Re_Backend/docs/TAT_NOTIFICATION_SYSTEM.md

388 lines
10 KiB
Markdown

# TAT (Turnaround Time) Notification System
## Overview
The TAT Notification System automatically tracks and notifies approvers about their approval deadlines at key milestones (50%, 75%, and 100% of allotted time). It uses a queue-based architecture with BullMQ and Redis to ensure reliable, scheduled notifications.
## Architecture
```
┌─────────────────┐
│ Workflow │
│ Submission │
└────────┬────────┘
├──> Schedule TAT Jobs (50%, 75%, 100%)
┌────────▼────────┐ ┌──────────────┐ ┌─────────────┐
│ TAT Queue │────>│ TAT Worker │────>│ Processor │
│ (BullMQ) │ │ (Background)│ │ Handler │
└─────────────────┘ └──────────────┘ └──────┬──────┘
├──> Send Notification
├──> Update Database
└──> Log Activity
```
## Components
### 1. TAT Time Utilities (`tatTimeUtils.ts`)
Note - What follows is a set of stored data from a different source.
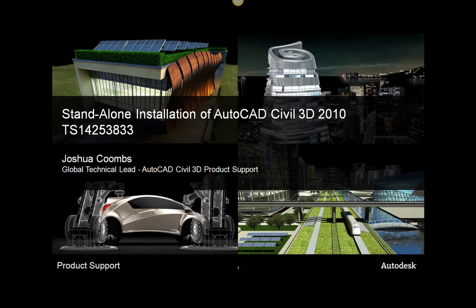In this lesson, I'll walk you through a standalone installation of AutoCAD Civil 3D 2010. A standalone installation differs from a network installation in that you are able to install and activate the product on a standalone machine rather than relying on a network license manager to distribute licenses.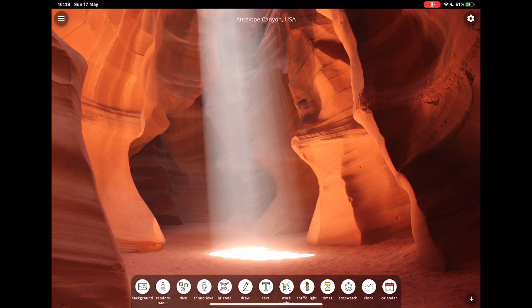Classroomscreen.com. Really useful tool to have in your armory as a teacher.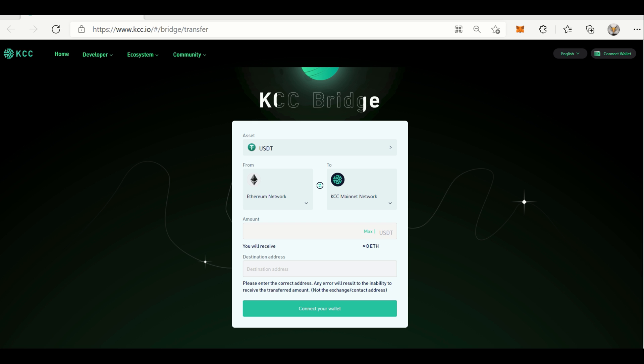Before using KCC Bridge, you will need a decentralized wallet. Currently, the one that is supported by KCC Bridge is MetaMask. Additional wallets are to be supported soon. You need to install an extension of MetaMask on your browser. Once it is installed, you can see it at the top right corner.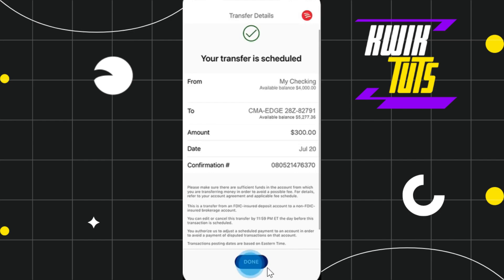This way you will be able to easily transfer money on Bank of America. I hope this video was helpful, and if it was, please consider liking this video, sharing it with your friends, and subscribing to my channel. Thank you so much for watching.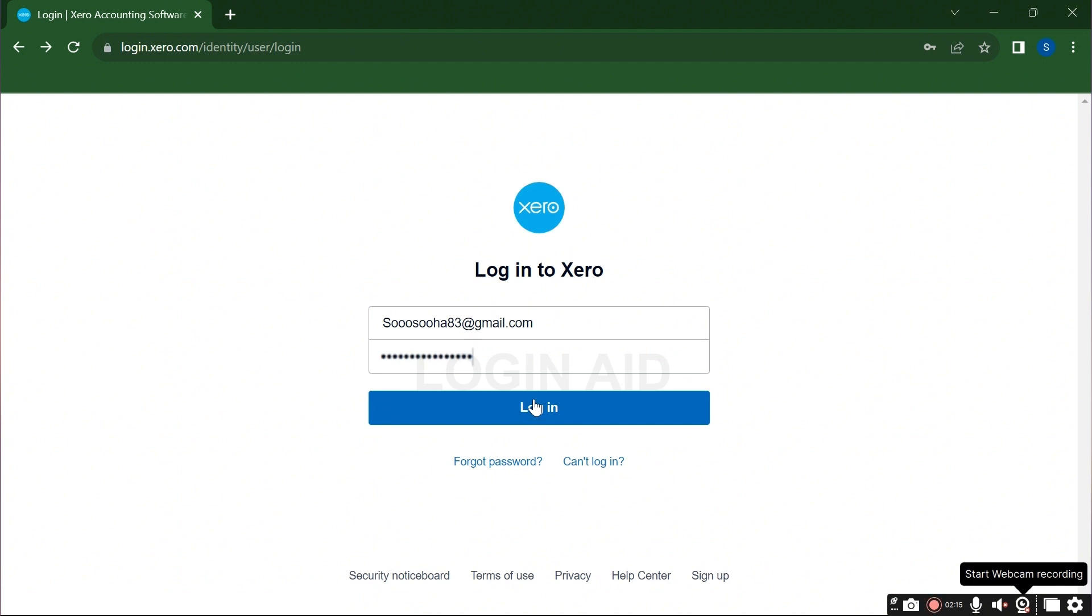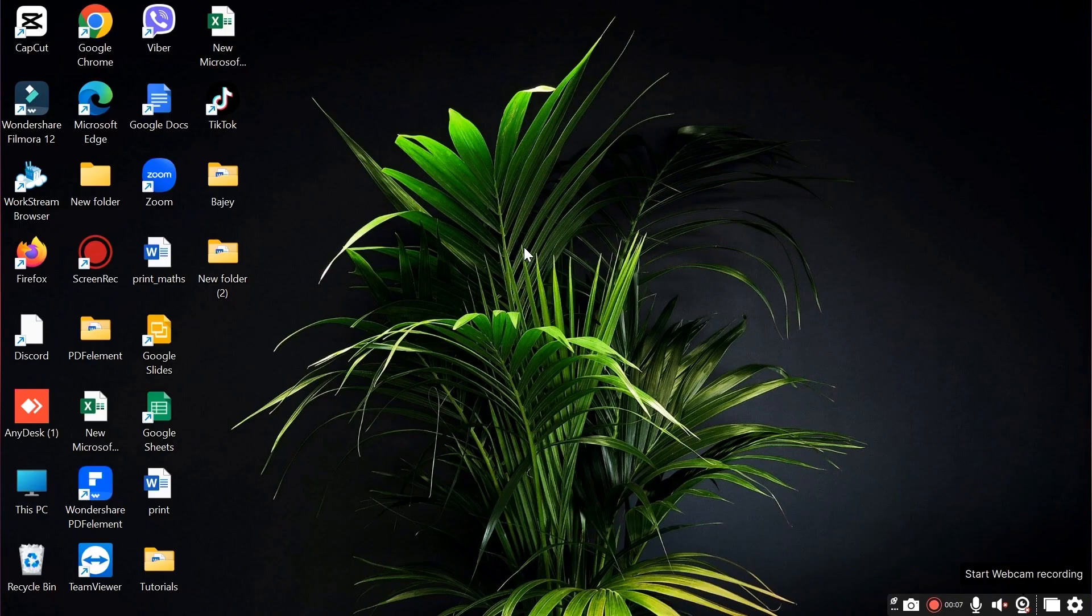Once you are logged in, you shall be able to access your Xero account online. So this was it for today guys, a very easy and simple process. I really hope that the video was helpful for you.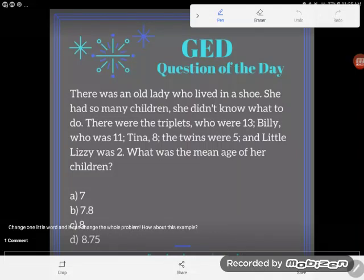Hey students, it's GED question of the day and just fair warning, I'm trying to trick you today. Let's take a look.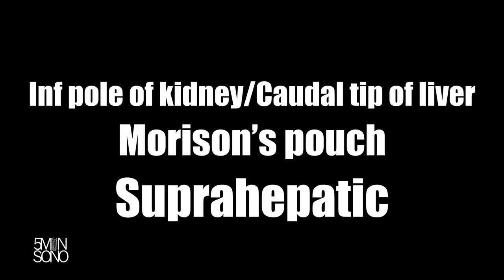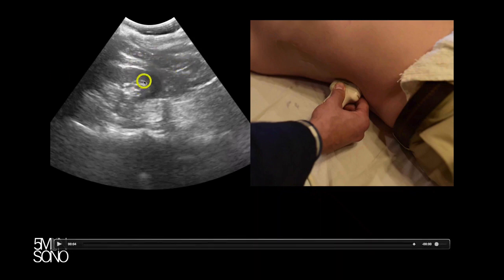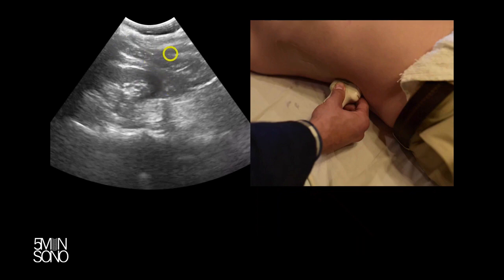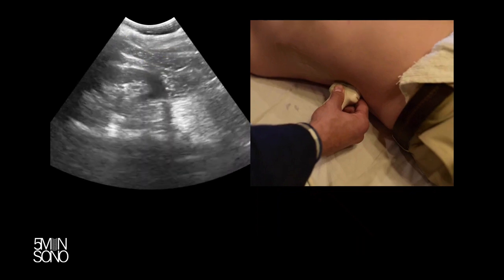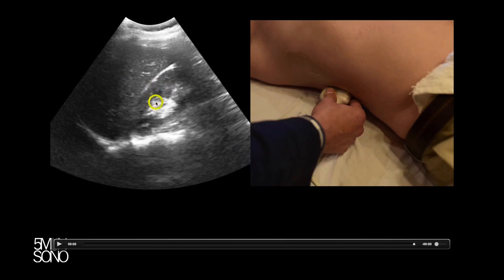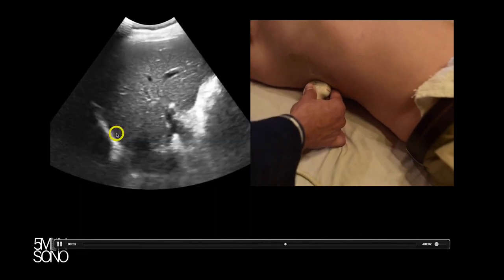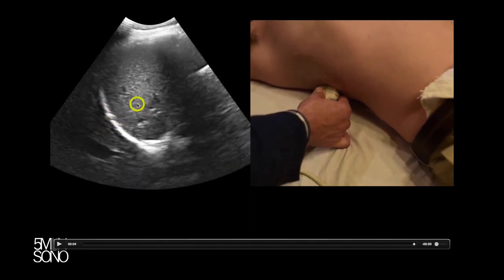With the right upper quadrant, there are three different places you want to evaluate. The most important spot is the inferior pole of the kidney and the caudal tip of the liver interface, followed by Morrison's pouch, and then the suprahepatic area. You want to place the probe right in the mid-axillary line. This is the inferior pole of the kidney, and this is the caudal tip of the liver — this area is where fluid is most likely to accumulate first. The next most common place is the traditional Morrison's pouch view, between the liver and the kidney.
Handles working hours calculations (Monday-Friday, 9 AM - 6 PM):
```typescript
// Calculate TAT milestones considering working hours
const { halfTime, seventyFive, full } = calculateTatMilestones(startDate, tatHours);
```
**Key Functions:**
- `addWorkingHours()`: Adds working hours to a start date, skipping weekends
- `calculateTatMilestones()`: Calculates 50%, 75%, and 100% time points
- `calculateDelay()`: Computes delay in milliseconds from now to target
### 2. TAT Queue (`tatQueue.ts`)
BullMQ queue configuration with Redis:
```typescript
export const tatQueue = new Queue('tatQueue', {
connection: IORedis,
defaultJobOptions: {
removeOnComplete: true,
removeOnFail: false,
attempts: 3,
backoff: { type: 'exponential', delay: 2000 }
}
});
```
### 3. TAT Processor (`tatProcessor.ts`)
Handles job execution when TAT milestones are reached:
```typescript
export async function handleTatJob(job: Job<TatJobData>) {
// Process tat50, tat75, or tatBreach
// - Send notification to approver
// - Update database flags
// - Log activity
}
```
**Job Types:**
- `tat50`: ⏳ 50% of TAT elapsed (gentle reminder)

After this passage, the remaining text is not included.